Why it’s important to be pedantic about sigmas and commas
The BBC reported last week that evidence for the Higgs Boson is “around the two-sigma level of certainty” and provides further explanation:
Particle physics has an accepted definition for a "discovery": a five-sigma level of certainty. The number of standard deviations, or sigmas, is a measure of how unlikely it is that an experimental result is simply down to chance rather than a real effect”
This is nice and clear, but it is also wrong, as we have pointed out before in a previous blog by Kevin McConway.
The number of sigmas does not say 'how unlikely the result is due to chance': it measures 'how unlikely the result is, due to chance'.
The additional comma may seem staggeringly pedantic (and indeed statisticians have been accused of being even more pedantic about language than lawyers). So what is the problem?
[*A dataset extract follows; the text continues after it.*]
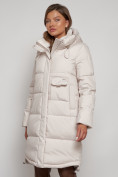 Купить Пальто утепленное с капюшоном зимнее женское бежевого цвета 133208B, фото 19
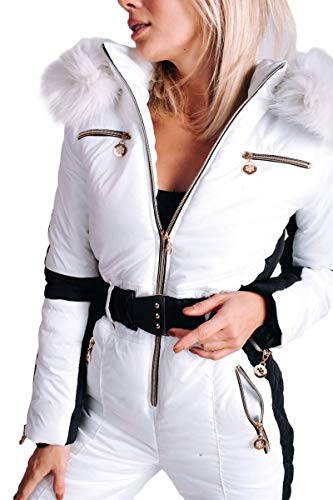 Yousify Womens Winter Onesie Ski Jumpsuits Outdoor Sports Waterproof Snowsuit Removable Faux Fur Collar Coat Jumpsuit - Image 4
The first, incorrect, 'how unlikely the result is due to chance' applies the term ‘unlikely’ to the whole phrase ‘the result is due to chance’, ie it says that the hypothesis that the Higgs Boson does not exist is unlikely, or equivalently it is likely the Higgs Boson exists.
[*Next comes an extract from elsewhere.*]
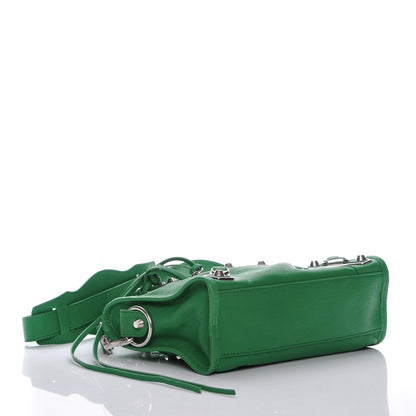 Balenciaga Agneau Silver Metallic Edge Hardware Mini City Vert Emeraude 4 of 7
The second, correct, 'how unlikely the result is, due to chance' applies the term 'unlikely' to the data, and just says that the data is surprising, if the Higgs Boson does not exist. It does not imply that it is necessarily likely that the Higgs Boson exists.
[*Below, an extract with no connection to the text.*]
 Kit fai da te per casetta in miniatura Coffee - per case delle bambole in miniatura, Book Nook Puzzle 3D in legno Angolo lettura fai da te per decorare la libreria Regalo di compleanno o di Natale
Take Paul the Octopus, who correctly predicted 8 football results in a row, which is unlikely (probability 1/256), due to chance. Is it reasonable to say that these results are unlikely to be due to chance (in other words that Paul is psychic)? Of course not, and nobody said this at the time, even after this 2.5 sigma event. So why do they say it about the Higgs Boson?
This is important - people have been wrongly condemned for murder because this comma was left out. The comma needs to be in there.